Gareth Halfacree 26th July 2013, 11:08 Quote
Originally Posted by Phil Rhodes
I'd love to know why they think lasers help.
Eh? The Roccat Kone Pure Optical doesn't use lasers; the entire point is that it uses an LED-based optical sensor instead. The Roccat Kone Pure uses a laser, as the article makes abundantly clear.

As for why lasers help (or hinder): a laser-based light source on an optical sensor allows for much finer-grained accuracy. Just look at the figures: the Roccat Kone Pure Optical, with its LED-based light source, tops out at 4,000dpi; the Roccat Kone Pure, which uses a laser-based light source, hits 8,200dpi. That's more than double the resolution.

Some don't like the 'feel' of a laser-based sensor, however, and would prefer the old-style LED light source. It's for these that Roccat has built the Kone Pure Optical.
Phil Rhodes 26th July 2013, 12:17 Quote
The Roccat Kone Pure uses a laser, as the article makes abundantly clear.

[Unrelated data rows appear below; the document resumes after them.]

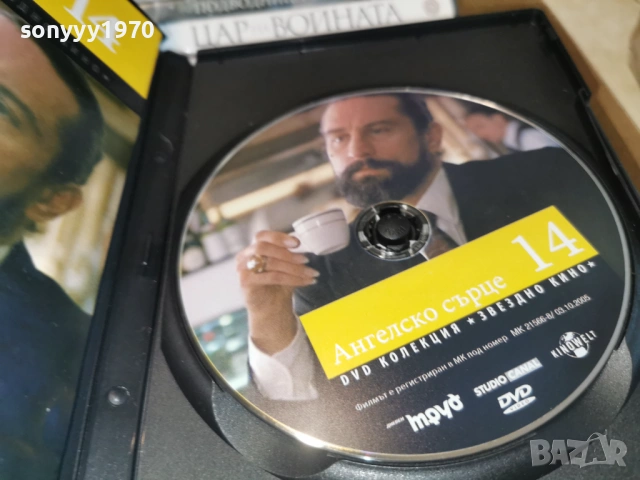 АНГЕЛСКО СЪРЦЕ ДВД 2104261110L1, снимка 6 - DVD филми - 54263342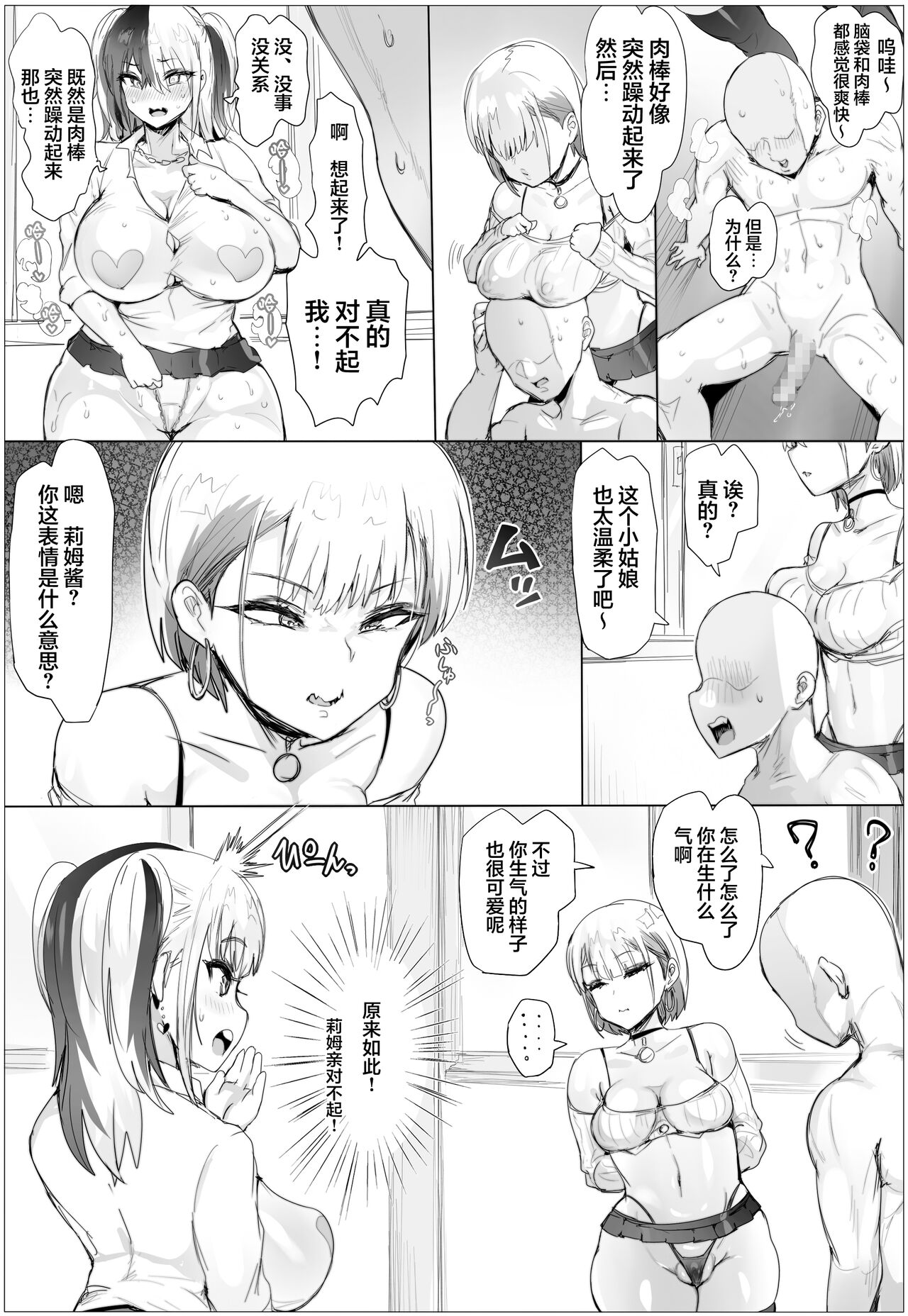 Nandemo Yurushichau Riimu-chan 2 - Page 25
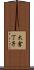 大倉丁子 Scroll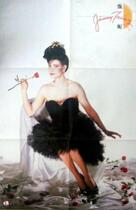 Zenni Harbor Edition Big Poster Size: 51cm X 76 5cm ¥98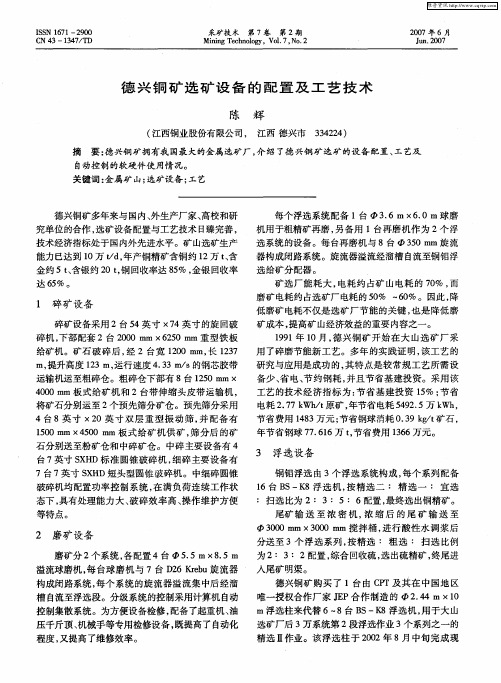 德兴铜矿选矿设备的配置及工艺技术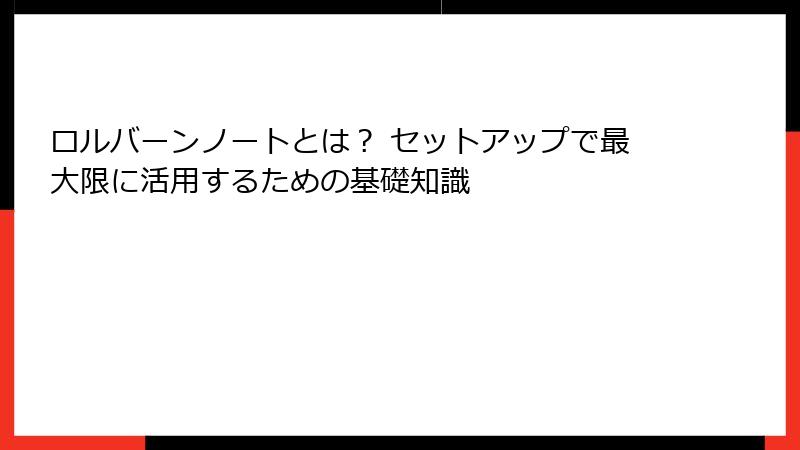 ロルバーンノートとは？ セットアップで最大限に活用するための基礎知識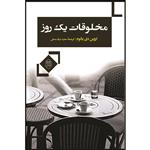 کتاب مخلوقات یک روز اثر اروین دی یالوم نشر مصدق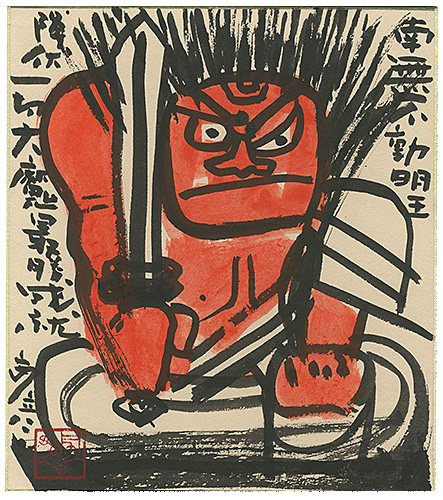 Kida Yasuhiko “Namu-Fudo Myoo”／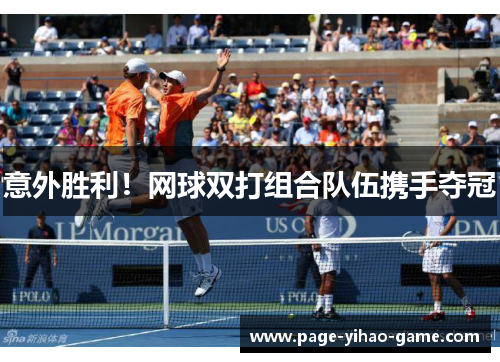 意外胜利！网球双打组合队伍携手夺冠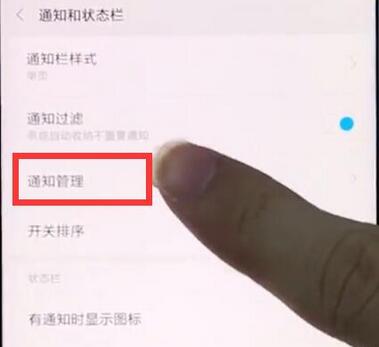 小米9se怎么关闭应用通知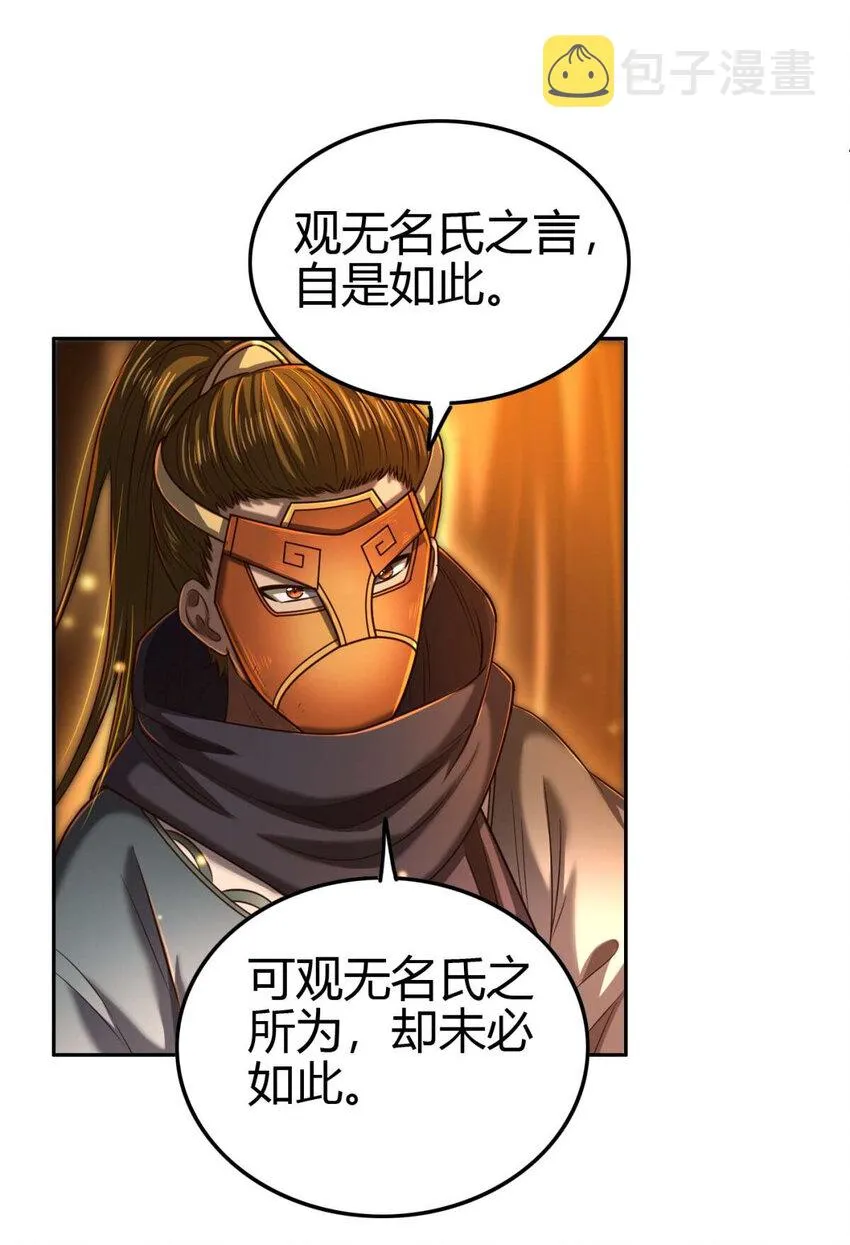 206 四句真言 第20页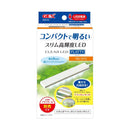 ジェックス クリアLEDフラッティホワイト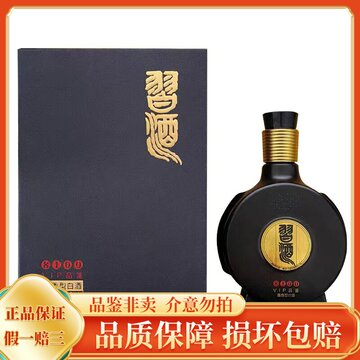 习酒窖藏1988正品-习酒窖藏1988正品促销价格、习酒窖藏1988正品品牌- 淘宝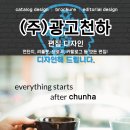 (주)천하 이미지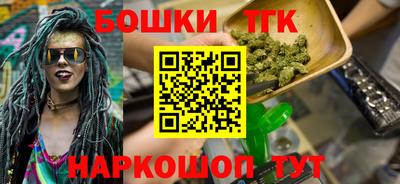 прущие крисы Аргун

Sure, absolutely, the question was more "why does it ever make a difference". I appreciate they have larger resolution figures, but it isn't clear to me why that's necessarily associated with the character of the illumination. Modern optical mice frequently use something like a 4x4 or 8x8 pixel "camera" looking down at the surface on which the mouse is running. I suppose you could take the position that the finer light source of a diode laser casts sharper shadows from the details on the desktop but the resolution of the thing is ordinarily more down to the detector than the emitter.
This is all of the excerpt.